** SUPPLIED DATA follows **
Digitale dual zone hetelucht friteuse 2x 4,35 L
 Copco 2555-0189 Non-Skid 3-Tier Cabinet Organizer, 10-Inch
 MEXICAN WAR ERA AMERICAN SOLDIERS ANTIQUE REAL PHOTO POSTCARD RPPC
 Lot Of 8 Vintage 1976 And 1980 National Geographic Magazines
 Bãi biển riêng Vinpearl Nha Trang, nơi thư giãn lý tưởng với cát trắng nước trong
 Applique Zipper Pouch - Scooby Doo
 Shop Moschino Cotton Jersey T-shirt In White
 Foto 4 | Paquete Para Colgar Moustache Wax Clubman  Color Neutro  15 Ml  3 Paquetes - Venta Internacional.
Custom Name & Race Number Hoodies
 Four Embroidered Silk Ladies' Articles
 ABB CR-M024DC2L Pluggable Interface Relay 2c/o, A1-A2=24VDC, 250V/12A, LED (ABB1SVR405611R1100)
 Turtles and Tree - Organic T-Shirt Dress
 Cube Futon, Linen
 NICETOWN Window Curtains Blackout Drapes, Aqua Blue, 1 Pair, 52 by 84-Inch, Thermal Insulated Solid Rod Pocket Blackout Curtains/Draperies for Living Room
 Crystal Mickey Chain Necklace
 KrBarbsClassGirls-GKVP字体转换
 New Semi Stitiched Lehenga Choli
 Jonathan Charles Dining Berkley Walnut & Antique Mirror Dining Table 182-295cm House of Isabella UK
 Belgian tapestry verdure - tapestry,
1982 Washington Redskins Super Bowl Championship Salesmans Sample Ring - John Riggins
** End of SUPPLIED DATA **
◆ **TASK TO CARRY OUT**
Would you quote, exactly and only, the lines from the one containing "Turtles and Tree - Organic T-Shirt Dress" to the end of the entries?

◆ **EXERCISE SOLUTION**
 Turtles and Tree - Organic T-Shirt Dress
 Cube Futon, Linen
 NICETOWN Window Curtains Blackout Drapes, Aqua Blue, 1 Pair, 52 by 84-Inch, Thermal Insulated Solid Rod Pocket Blackout Curtains/Draperies for Living Room
 Crystal Mickey Chain Necklace
 KrBarbsClassGirls-GKVP字体转换
 New Semi Stitiched Lehenga Choli
 Jonathan Charles Dining Berkley Walnut & Antique Mirror Dining Table 182-295cm House of Isabella UK
 Belgian tapestry verdure - tapestry,
1982 Washington Redskins Super Bowl Championship Salesmans Sample Ring - John Riggins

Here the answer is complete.